== REQUIREMENT ==
Copy the data that follows, character for character, minus the pictures.

*** SUPPLIED RECORDS Section Begins ***

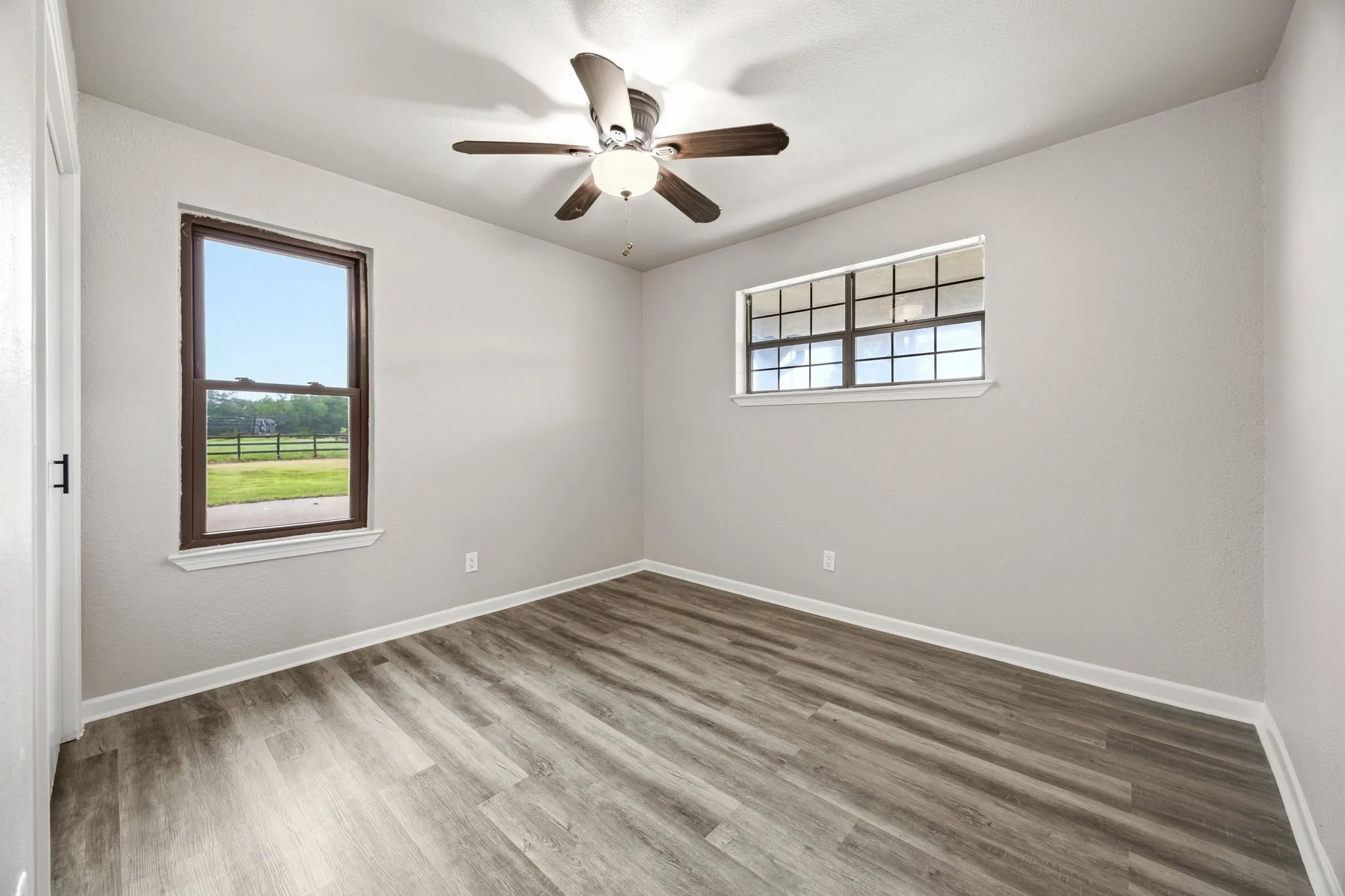 Wood-finish flooring, ceiling fan with integrated lighting, two windows with dark trim, and light-toned walls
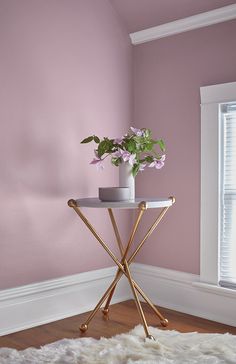 a vase with flowers sitting on top of a small table in front of a window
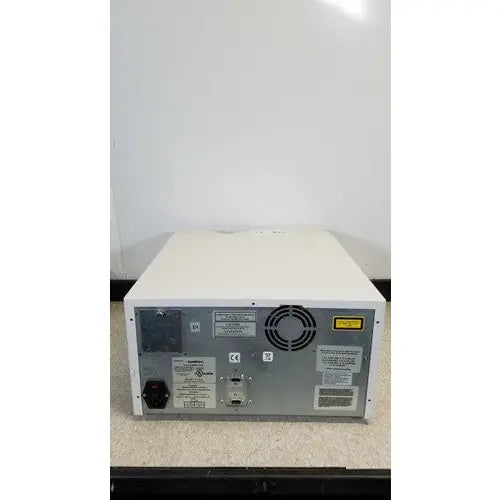 White rectangular luminex 200 xmap multiplex ruo system back panel with vented casing and multiple labeled ports for reuse medical applications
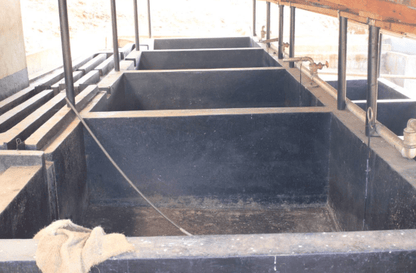 Concrete fermentation and soaking tanks at Kiamugumo Coffee Factory, Kirinyaga, Kenya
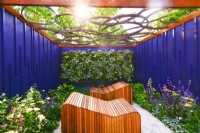 Relaxation area surrounded by a navy blue painted panels with decorative wooden deckchairs set against living green wall under with geometric design openwork of pergola roof. June
Bord Bia Bloom, Dublin
Designer: Jane McCorkell


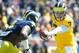 Apr 5, 2014; Ann Arbor, MI, USA; Michigan Wolverines quarterback Shane Morris (7) hands off to running back De'Veon Smith (4) before the Spring Game at Michigan Stadium. Mandatory Credit: Tim Fuller-USA TODAY Sports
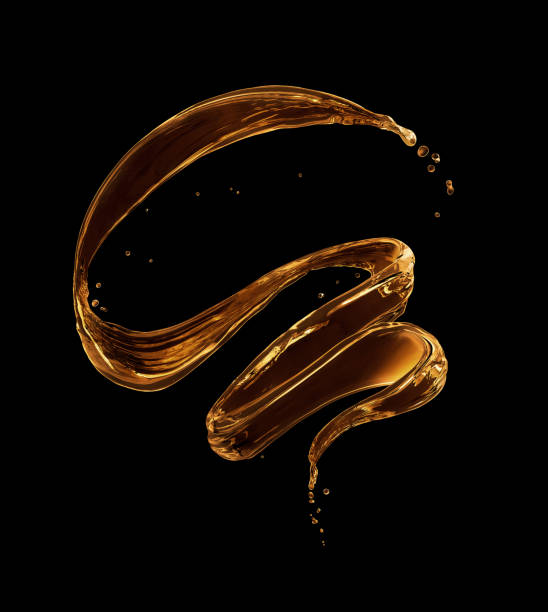 istock Splashes of oily liquid in a swirling shape on a black background 1031059988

*** SUPPLIED RECORDS Section Ends ***

== ANSWER TO THIS PROBLEM ==
 Wood-finish flooring, ceiling fan with integrated lighting, two windows with dark trim, and light-toned walls
 a vase with flowers sitting on top of a small table in front of a window
 White rectangular luminex 200 xmap multiplex ruo system back panel with vented casing and multiple labeled ports for reuse medical applications
 Concrete fermentation and soaking tanks at Kiamugumo Coffee Factory, Kirinyaga, Kenya
 Relaxation area surrounded by a navy blue painted panels with decorative wooden deckchairs set against living green wall under with geometric design openwork of pergola roof. June
Bord Bia Bloom, Dublin
Designer: Jane McCorkell


 Apr 5, 2014; Ann Arbor, MI, USA; Michigan Wolverines quarterback Shane Morris (7) hands off to running back De'Veon Smith (4) before the Spring Game at Michigan Stadium. Mandatory Credit: Tim Fuller-USA TODAY Sports
 istock Splashes of oily liquid in a swirling shape on a black background 1031059988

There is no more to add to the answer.